Ketika ada yang skeptis dengan tenaga dalam, ada juga yang berpendapat beda. Bang Beni dari Panca Suci, Depok, menuturkan pengalaman masa mudanya. Beberapa kali dia mengalami perkelahian di jalanan.
Menurutnya, tenaga dalam itu jika untuk bela diri di luar gelanggang, pada tahap-tahap awal kadang ada pukulan atau tendangan masuk. “Tergantung situasi dan kondisinya,” tuturnya.
Ketika saya tanya, pengalamannya memanfaatkan tenaga dalam untuk beladiri di jalanan, Bang Beni menjawab, pernah!
Di antaranya, tahun 2000 saat naik kendaraan umum melintas lokasi yang di situ banyak wanita berpakaian seksi. Bang Beni menampakkan sikap tidak suka. Ternyata ekspresi wajahnya itu memancing perhatian tiga penumpang pria yang baru naik.
Mereka bertanya ketus dengan napas bau alkohol. “Kenapa kamu tidak suka ya?” Salah satu dari mereka lalu memukul wajahnya.
Pukulan pertama masuk telak, namun karena yang dipukul bersikap tenang tanpa ekspresi kesakitan, mereka kalap lalu memukul lagi, namun pukulan berikutnya selalu meleset.
Mereka berupaya menarik Bang Beni keluar dari dalam mobil, namun selalu gagal karena tidak mampu menyentuh tangannya, bahkan mereka terpental hingga penumpang lain ketakutan dan minta sopir tancap gas.
Kejadian lain, ketika dia mengobati ibu-ibu pedagang pasar yang saat berhadapan dengan pembeli, mulutnya tidak bisa bicara, dan ketika posisi tubuh dan wajahnya miring, dia bisa bicara. Kemungkinan dia kena sihir hingga pelanggannya makin sepi, karena sikapnya yang aneh itu oleh pembeli dianggap tidak sopan.
Saat mulai pengobatan, leher Ibu itu seperti tercekik dan sulit bernapas. Namun ketika Bang Beni menggunakan tenaga dalam dengan visualsasi seolah mencabut benda dari leher, pasien itu bisa bernapas dan berbicara normal.

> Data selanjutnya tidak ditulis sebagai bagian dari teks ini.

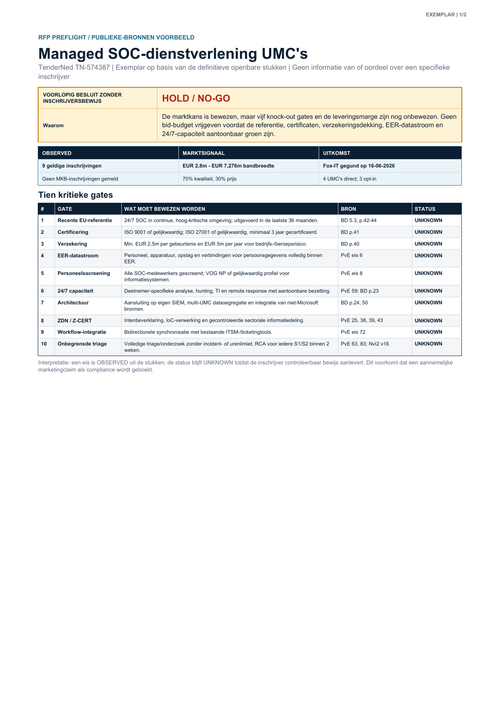 RFP preflight voorbeeld pagina 1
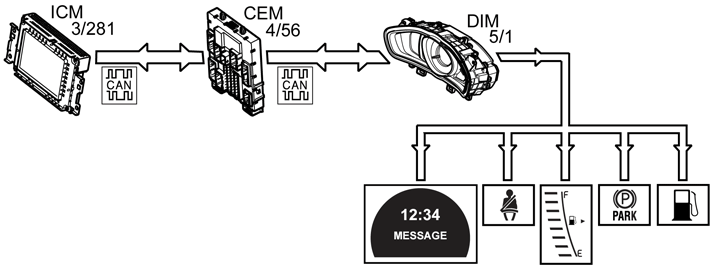 GLL1008051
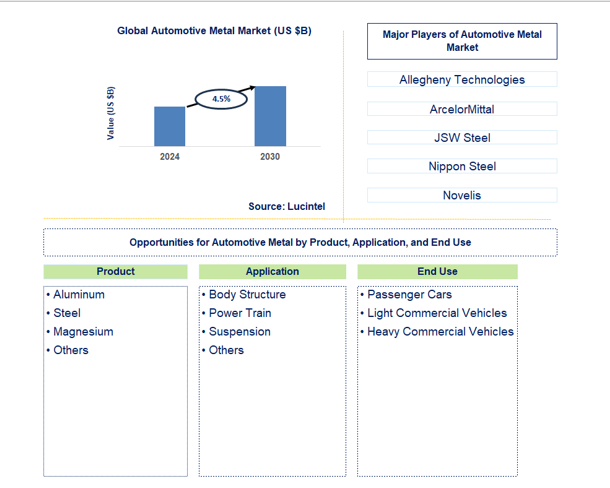 Automotive Metal Trends and Forecast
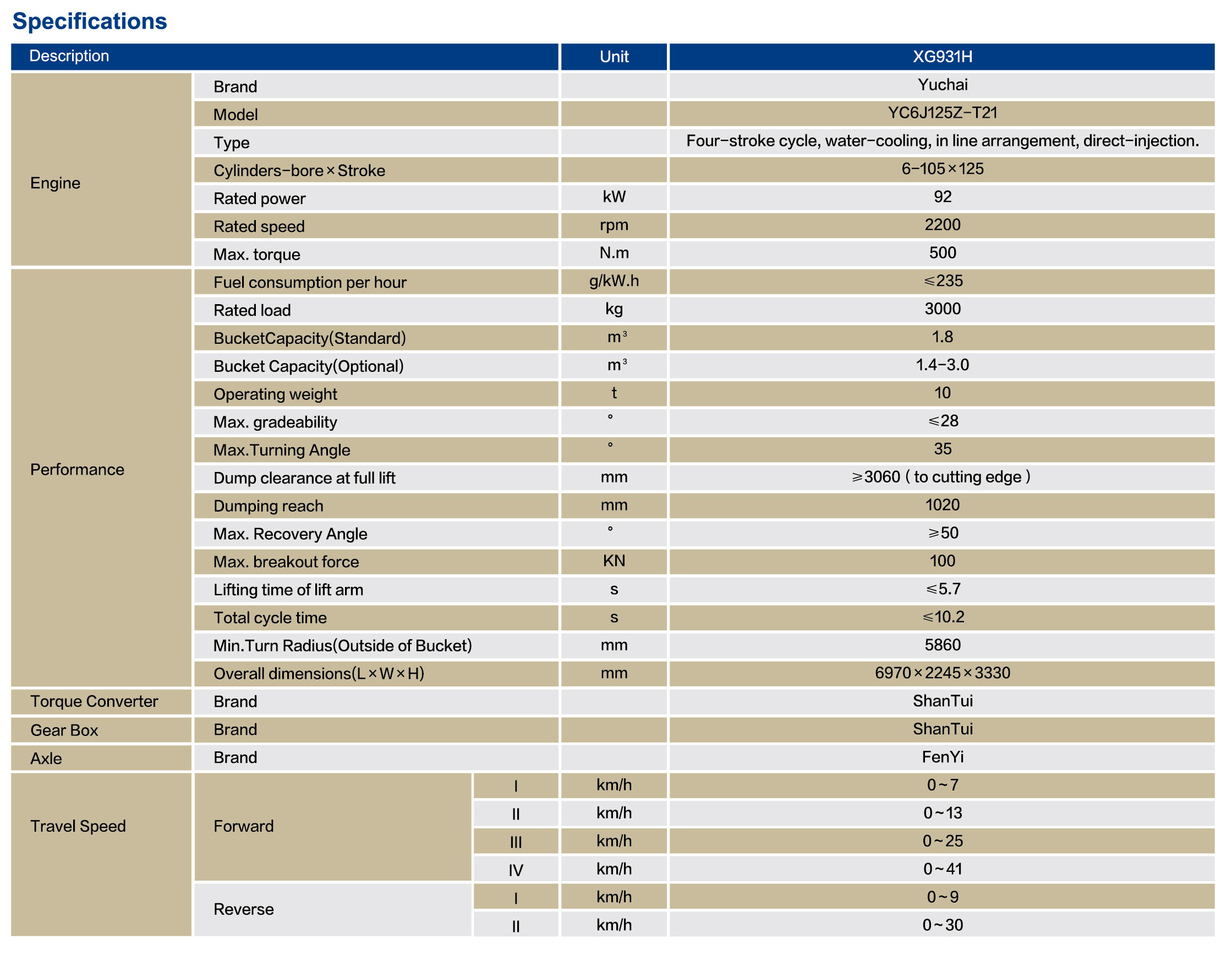 XGMA XG931H Specifications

Dia mengisahkan, awal kali belajar tenaga dalam di Padang, yang menegangkan itu saat tes mental. Oleh guru dia disuruh menangkap anjing lalu dimasukkan kandang selama tiga hari, dan selama dalam kandang itu anjingnya diberi makan tape. Efek makanan yang mengandung alkohol itu menyebabkan emosi anjing seperti anjing gila.
Pengalaman Penulis
Pengalaman saya beda lagi. Kelas II SLTA saya asisten pelatih tenaga dalam. Tradisi pada aliran kami, pelatih harus siap jadi sansak hidup dan siap dihajar anggota untuk “memancing” amarah. Karena uji coba tenaga dalam baru bereaksi ketika penyerang dalam kondisi “emosi”.

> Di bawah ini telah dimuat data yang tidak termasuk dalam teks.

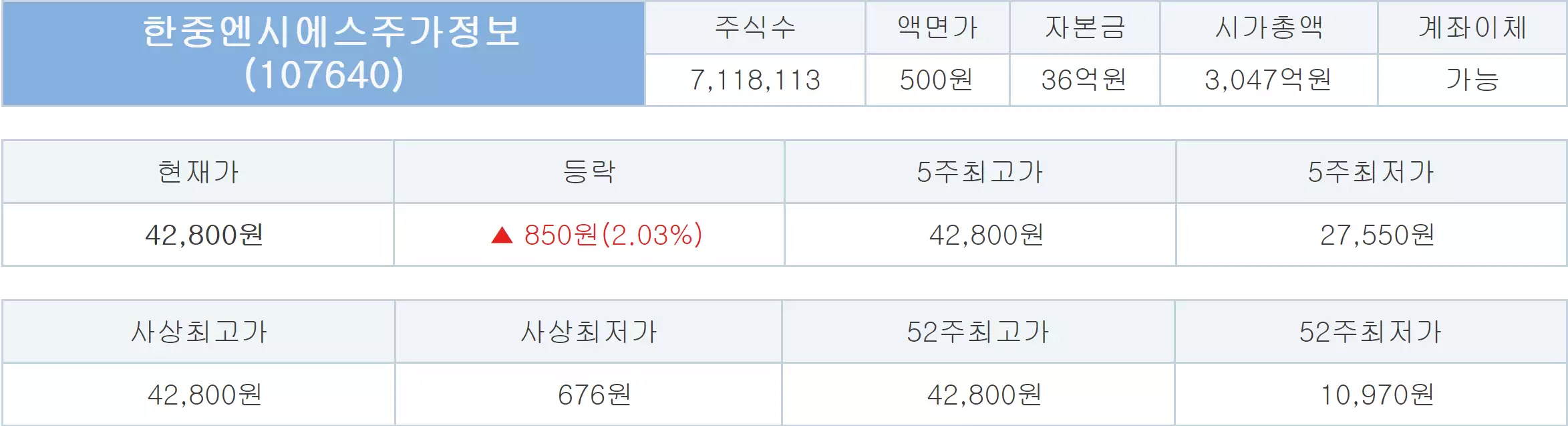 한중엔시에스 비상장 거래 내용을 정리한 이미지입나다.(출처: 코넥스38)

Tugas pelatih, selain melatih jurus dan pernapasan, yang berat itu sesi ujicoba “serang-pukul”. Pelatih harus siap meladeni anggota baru yang ingin merasakan efek pental melalui adu fisik, pukulan, tendangan, karena tidak semua anggota baru bisa “emosi” saat latihan serangan. Persentase yang mudah “marah” antara 30-an persen. Yang 70 persen kelompok emosi tanggung dan yang tidak bisa.
Sayembara Tenaga Dalam
Saya menyimak tayangan uji coba tenaga dalam oleh pesulap berambut merah di youtube. Melihat cara memukulnya masih disertai kesadaran, maka walau yang dipukul itu sosok suhu sekalipun, ya tidak bakalan tenaga dalamnya bereaksi meleset atau mental.
Standar umum yang saya lakukan saat melatih, uji coba bagi penyerang pemula, jika dia bukan tipe mudah “kalap” diawali dengan pancingan emosi dengan adu pukulan dan tendangan ringan. Bahkan pelatih boleh melakukan pancingan dengan memukul bagian tubuh yang tidak membahayakan.

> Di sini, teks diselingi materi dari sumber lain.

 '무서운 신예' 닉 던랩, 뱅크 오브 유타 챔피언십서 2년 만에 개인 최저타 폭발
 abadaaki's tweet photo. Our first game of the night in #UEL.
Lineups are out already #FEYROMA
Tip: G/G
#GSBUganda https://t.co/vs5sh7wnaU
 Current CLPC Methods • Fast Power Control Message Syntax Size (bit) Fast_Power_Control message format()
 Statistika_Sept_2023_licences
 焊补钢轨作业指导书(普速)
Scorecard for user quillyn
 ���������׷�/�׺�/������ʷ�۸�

Karena sering menghadapi anggota yang belajar “menghadirkan amarah” saya menemukan rumus mendeteksi kadar emosi penyerang itu dari ekspresi wajah dan gerak tubuhnya. Mereka yang kadar emosinya dibawah 50 persen, posisi kuda-kudanya masih kokoh.
Ketika emosi meningkat, bagian wajah, mata, mulai memerah, liar, dan hilang keseimbangan kuda-kudanya. Dan jika kadar emosinya meningkat, posisi kuda-kuda dan langkah mulai goyah hingga berat untuk melangkah maju.
Boleh Mencoba?
Era 80-an, ketika masih aktif melatih di tetangga wilayah yang warganya dikenal keras dan bernyali, saya sempat kaget. Saat latihan di lapangan terbuka, ada warga pulang dari ambil rumput izin mau mencoba. Dan kejadian seperti itu terjadi beberapa kali.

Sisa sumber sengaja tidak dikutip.